━━━ Exercise data ━━━

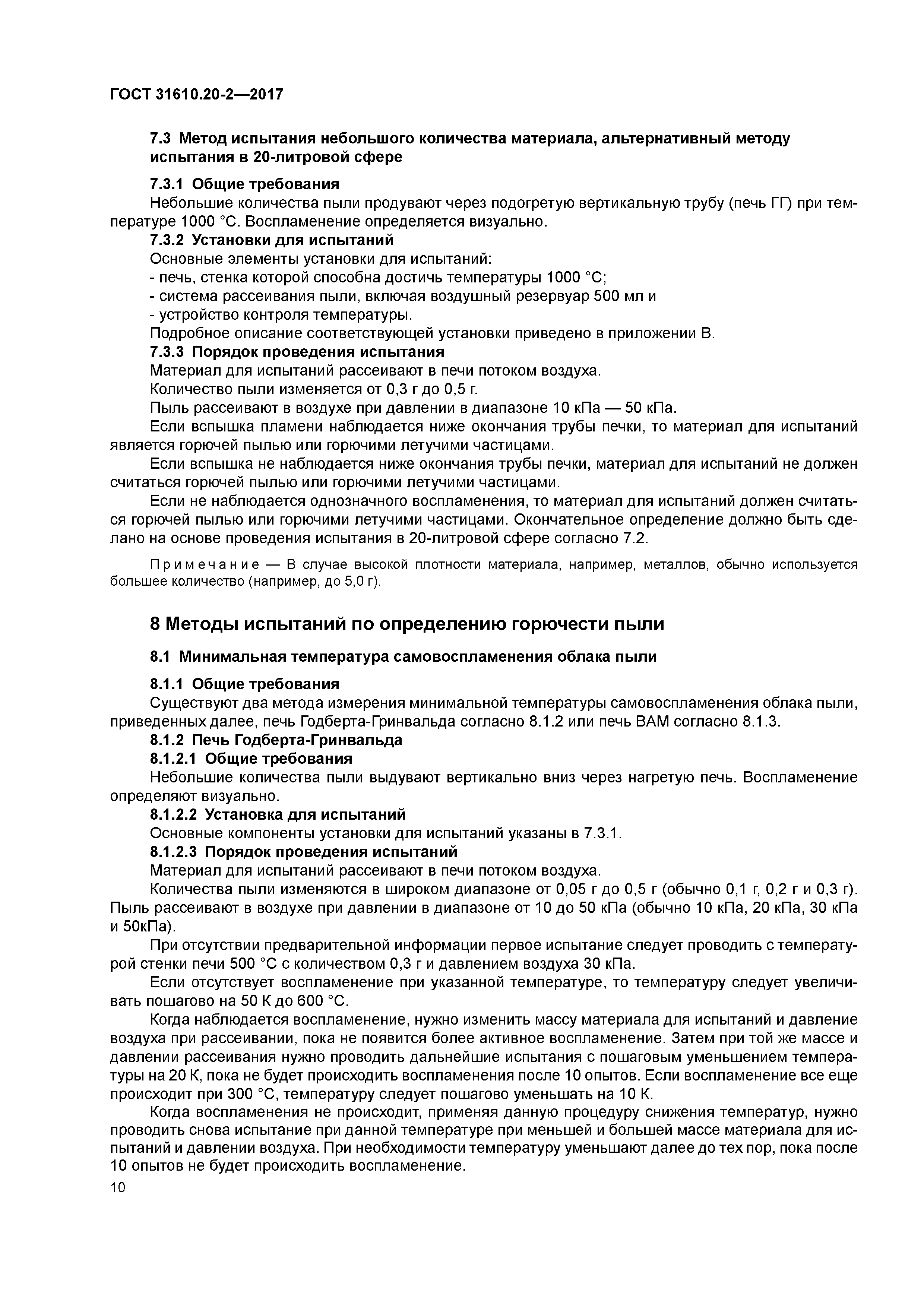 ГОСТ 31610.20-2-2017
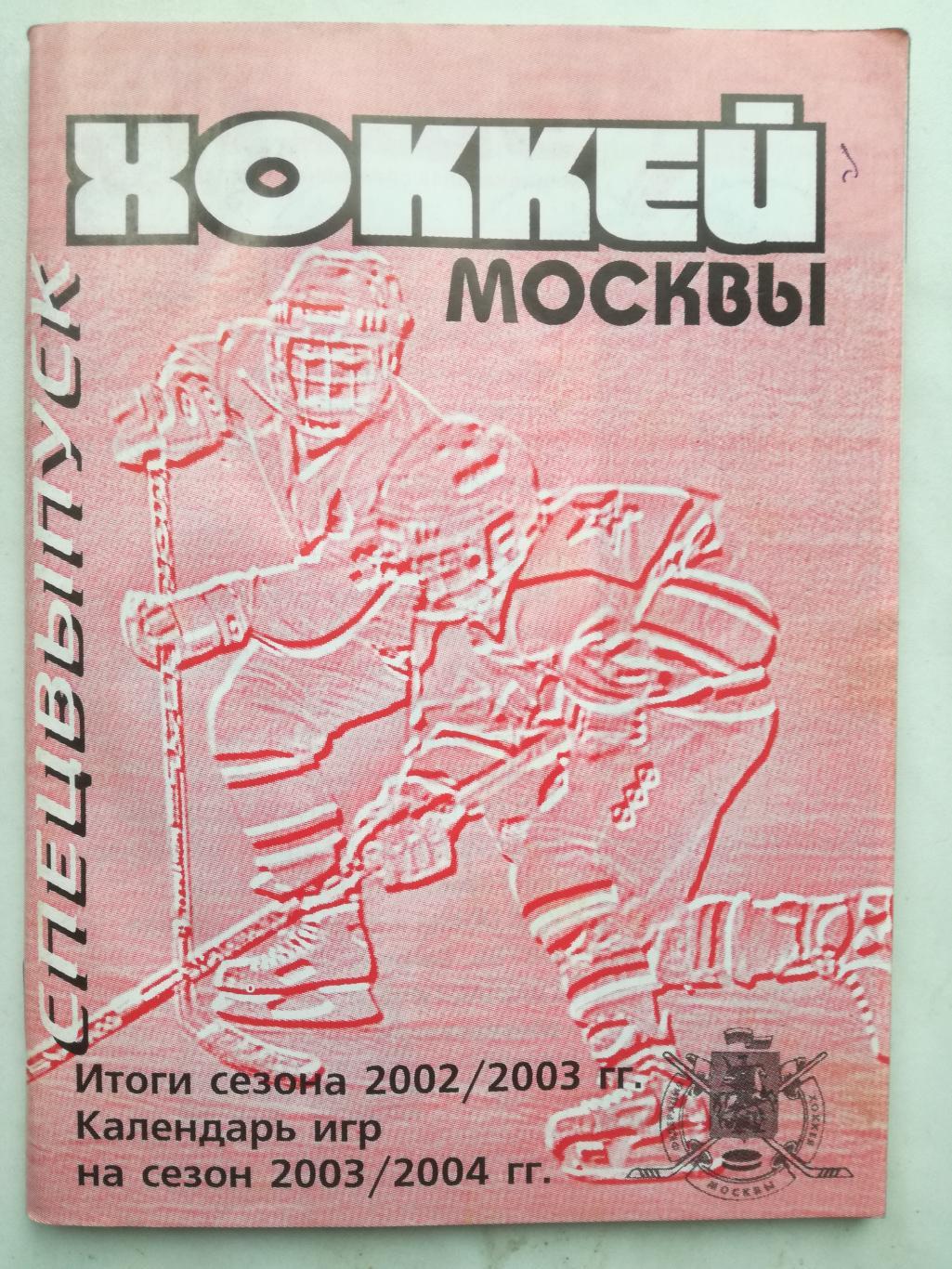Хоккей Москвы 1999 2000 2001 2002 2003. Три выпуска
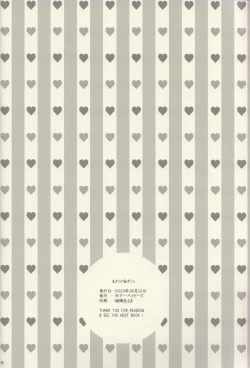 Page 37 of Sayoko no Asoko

━━━

Aim of the exercise
Each line of the listing must be restated word for word, and the pictures left out.

Answer to this problem
 ГОСТ 31610.20-2-2017
Хоккей Москвы 1999 2000 2001 2002 2003. Три выпуска
 Page 37 of Sayoko no Asoko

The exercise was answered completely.